Held: The appeal should be allowed and the action maintained.

In view of the contradictory evidence given by the parties, the Court should look at the more objective witnesses to obtain a picture of what happened. The driver of the truck in question and a police constable had both testified that it was the car driven by the defendant F which was swerving out of control.

The defendants had the burden of proving that there existed a sudden emergency which caused F to swerve, and this they failed to do.

APPEAL from a judgment of the Court of Queen's Bench, Appeal Side, Province of Quebec1, reversing a judgment of Cliche J. Appeal allowed.

P. de Grandpré, Q.C., for the plaintiff, appellant.

G. Emery, for the defendants, respondents.

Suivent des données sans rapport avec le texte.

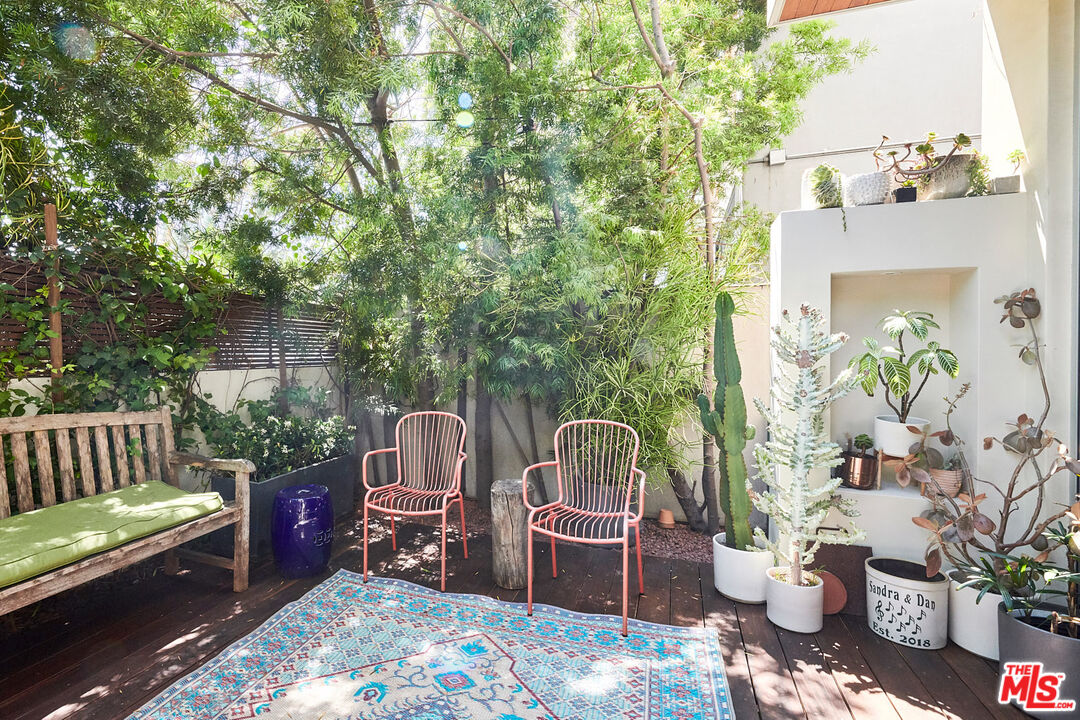 417 Venice Way Venice, CA 90291 - Photo 48 of 53 a front view of a garden with patio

The judgment of the Court was delivered by

Taschereau J.:—Le demandeur-appelant réclame des défendeurs-intimés la somme de $5,000. Il allègue dans son action que le 12 octobre 1949, il a été la victime d'un accident d'automobile dont les défendeurs doivent être tenus conjointement et solidairement responsables. La Société de Réhabilitation est propriétaire de la voiture qui l'aurait frappé. Elle était conduite par l'autre défendeur, Ernest Fredette, son employé, alors dans l'exercice de ses fonctions. M. le Juge Cliche a maintenu cette réclamation pour un montant de $2,882.40 avec intérêts et dépens, mais la Cour du banc de la reine2 en est arrivée à une conclusion différente et a maintenu l'appel et rejeté l'action.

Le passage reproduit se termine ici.